[AVAILABLE RECORDS — start]

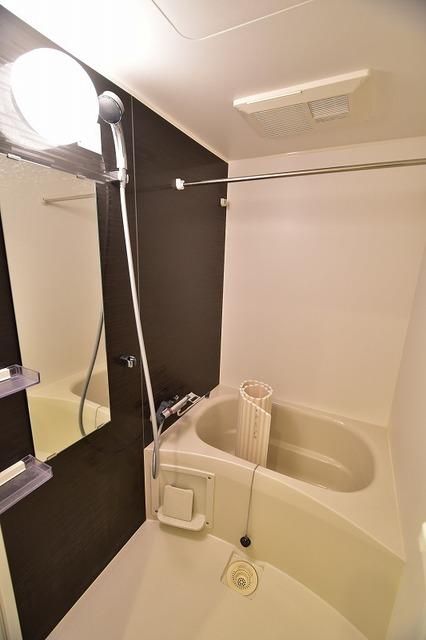 バス・シャワールーム　綺麗な浴室はポイント高いですよね♪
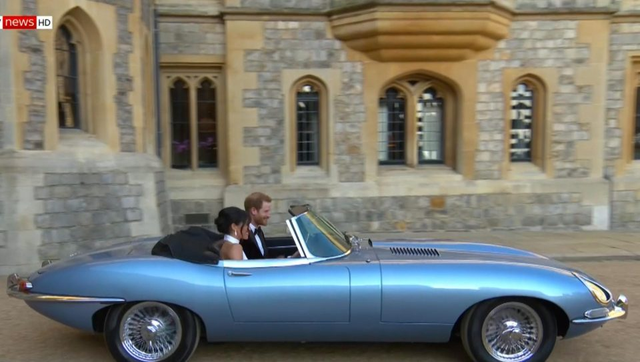 Chiêm ngưỡng mẫu xe điện đẹp nhất thế giới mà Hoàng tử Harry dùng để đón cô dâu Meghan Markel - Ảnh 1.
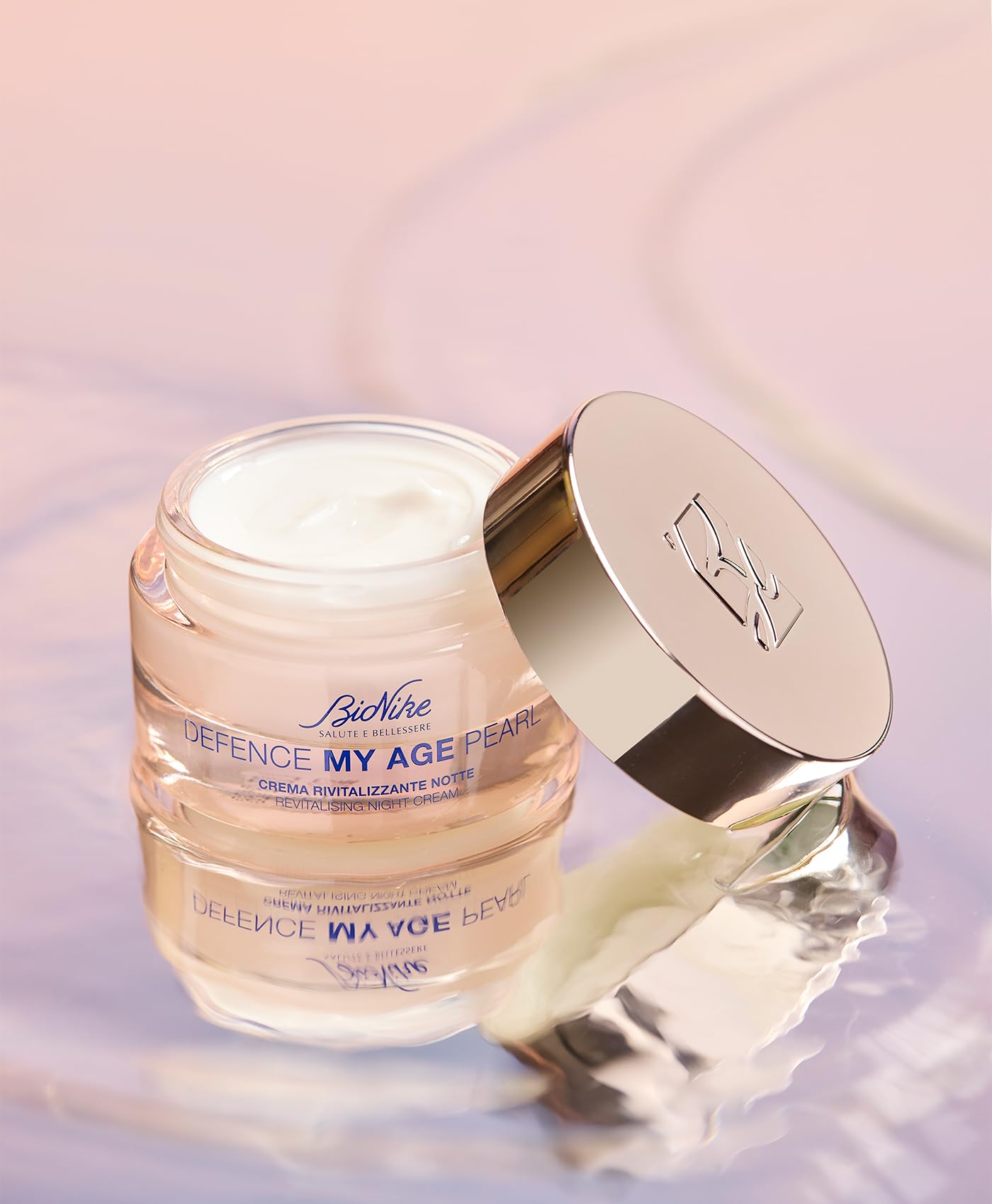 Bionike Defence My Age Pearl - Crema Viso Antiage con Acido Ialuronico, Contrasta le Prime Rughe e Segni dell'Età, Illumina e Idrata la Pelle, Leviga e Rivitalizza il Viso, 50 ml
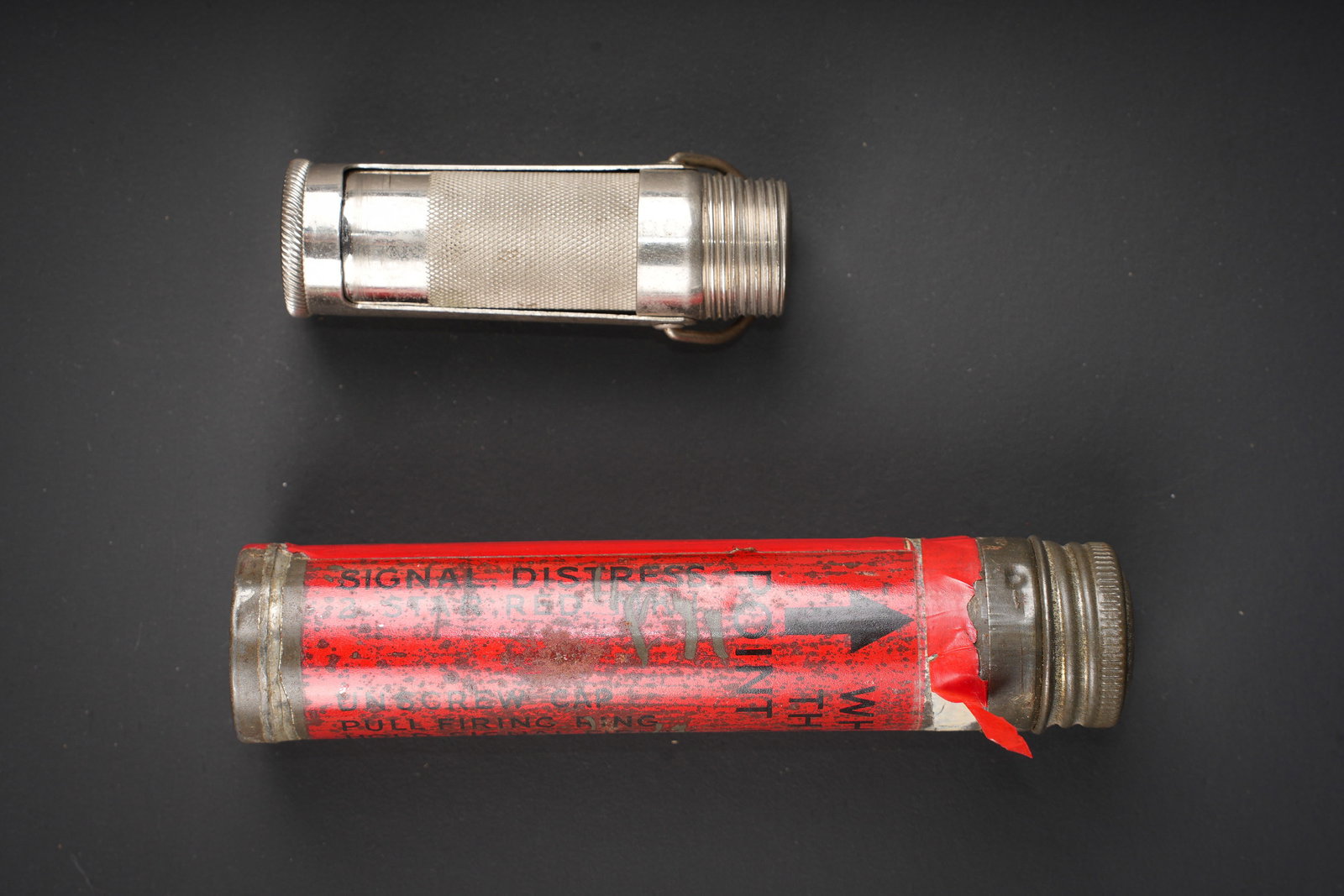 Accessoires de survie USAAF. USAAF survival accessories.: Accessoires de survie USAAF. Comprenant un tube en metal, avec etiquette rouge et couvercle, marquee Signal Distress 2 Star Red MK I. Vide. Un rare boitier etanche en laiton chrome Everdry, fabrique p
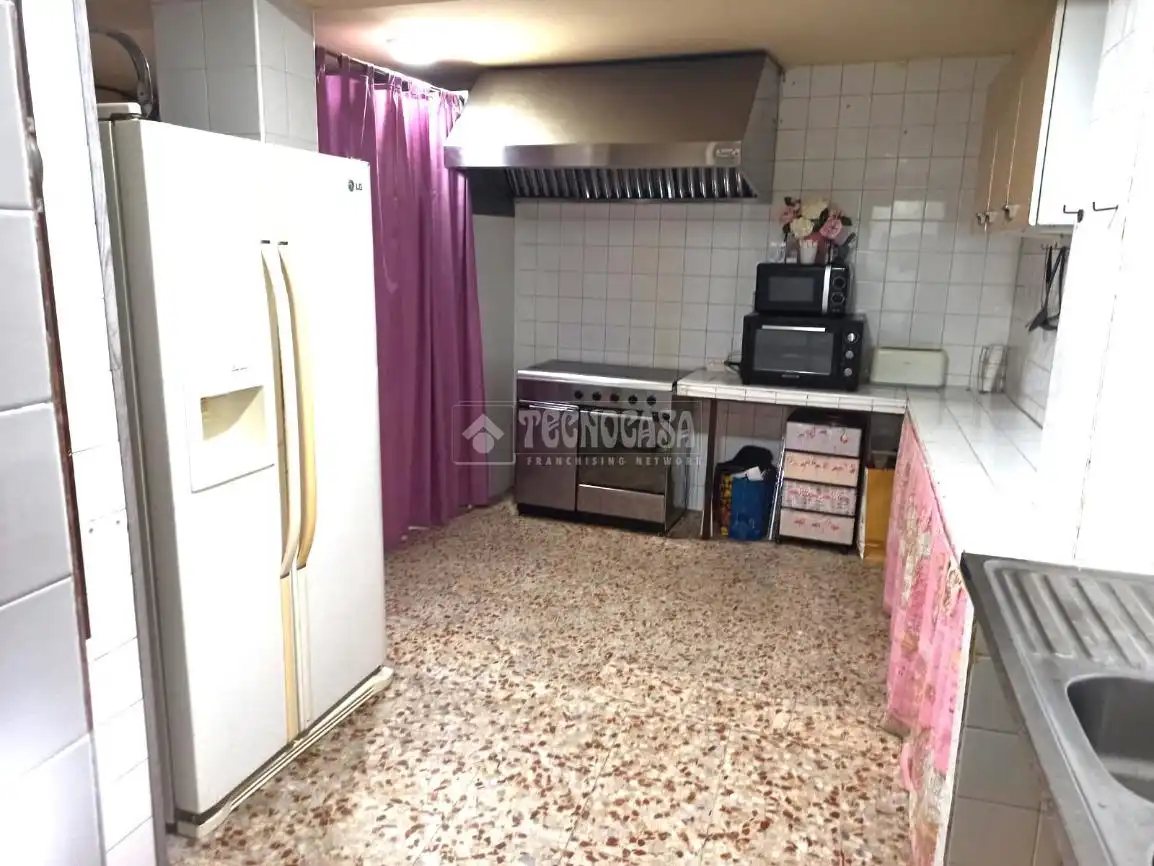 Gewerbefläche zum Verkauf in Coria del Río, imagen 34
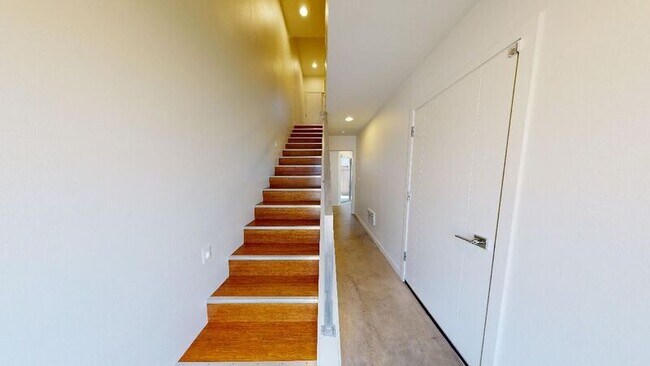 Building Photo - 4766 N Williams Pl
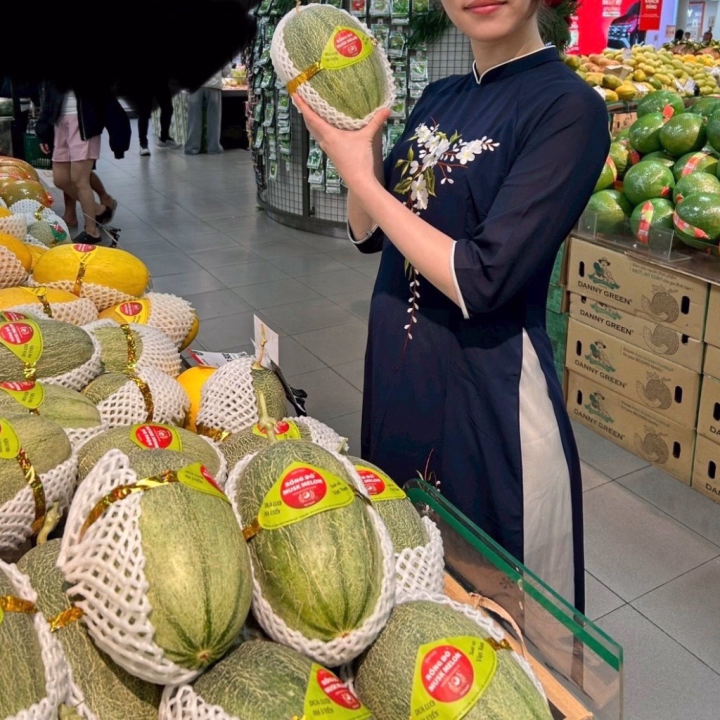 こんな伝統感じるお洋服はどうですか〜？
以前アオザイを着させてもらったときの写真なんですが、体型が隠れているのもなんだか…🤭

出勤予定なのですが、
6/4予定から6/5に変更になっています…
ご迷惑おかけしますがよろしくお願いします！

まだまだ慣れていませんが、5日もしよければ、あさかに会いに来てください🤍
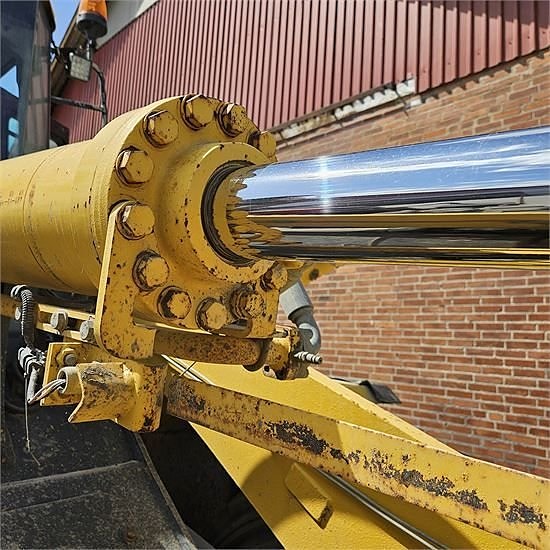 Komatsu WA400 - 5H - 21 ton 29 of 30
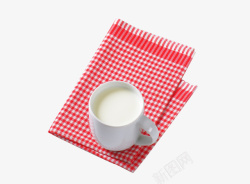 瓷杯饮料餐桌布上的牛奶杯高清图片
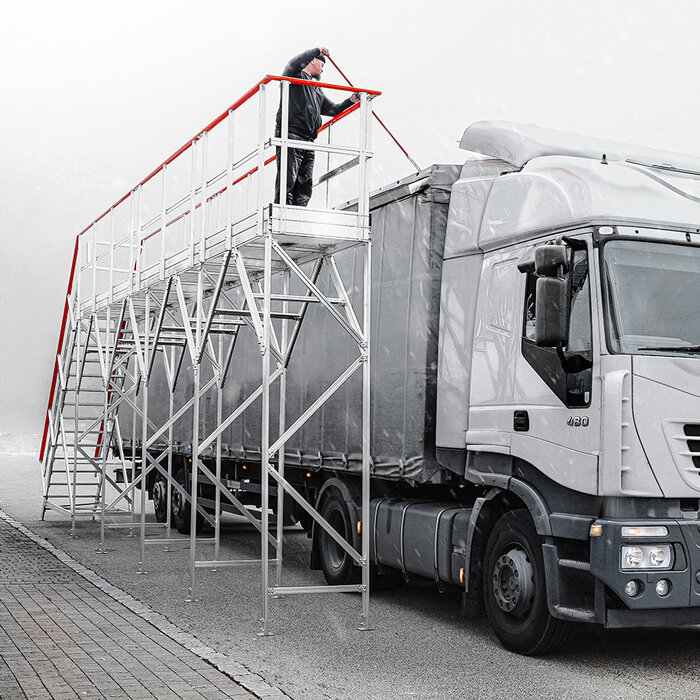 Enteisungsbühne mit LKW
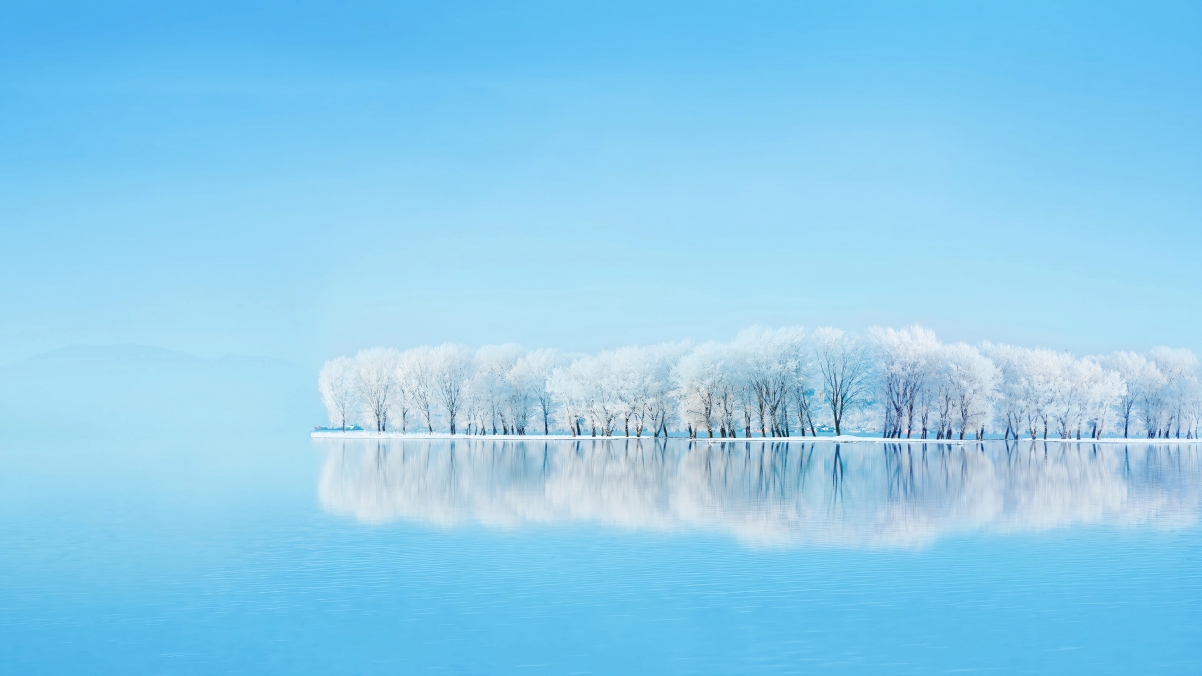 冬天 雪景 湖水 树林 倒影 华为内置风景4K壁纸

[AVAILABLE RECORDS — finish]

WORK TO COMPLETE →
From the opening line of the listing above through the line bearing "ご迷惑おかけしますがよろしくお願いします！", repeat each line exactly. Drop every picture.

WRITTEN ANSWER →
 バス・シャワールーム　綺麗な浴室はポイント高いですよね♪
 Chiêm ngưỡng mẫu xe điện đẹp nhất thế giới mà Hoàng tử Harry dùng để đón cô dâu Meghan Markel - Ảnh 1.
 Bionike Defence My Age Pearl - Crema Viso Antiage con Acido Ialuronico, Contrasta le Prime Rughe e Segni dell'Età, Illumina e Idrata la Pelle, Leviga e Rivitalizza il Viso, 50 ml
 Accessoires de survie USAAF. USAAF survival accessories.: Accessoires de survie USAAF. Comprenant un tube en metal, avec etiquette rouge et couvercle, marquee Signal Distress 2 Star Red MK I. Vide. Un rare boitier etanche en laiton chrome Everdry, fabrique p
 Gewerbefläche zum Verkauf in Coria del Río, imagen 34
 Building Photo - 4766 N Williams Pl
 こんな伝統感じるお洋服はどうですか〜？
以前アオザイを着させてもらったときの写真なんですが、体型が隠れているのもなんだか…🤭

出勤予定なのですが、
6/4予定から6/5に変更になっています…
ご迷惑おかけしますがよろしくお願いします！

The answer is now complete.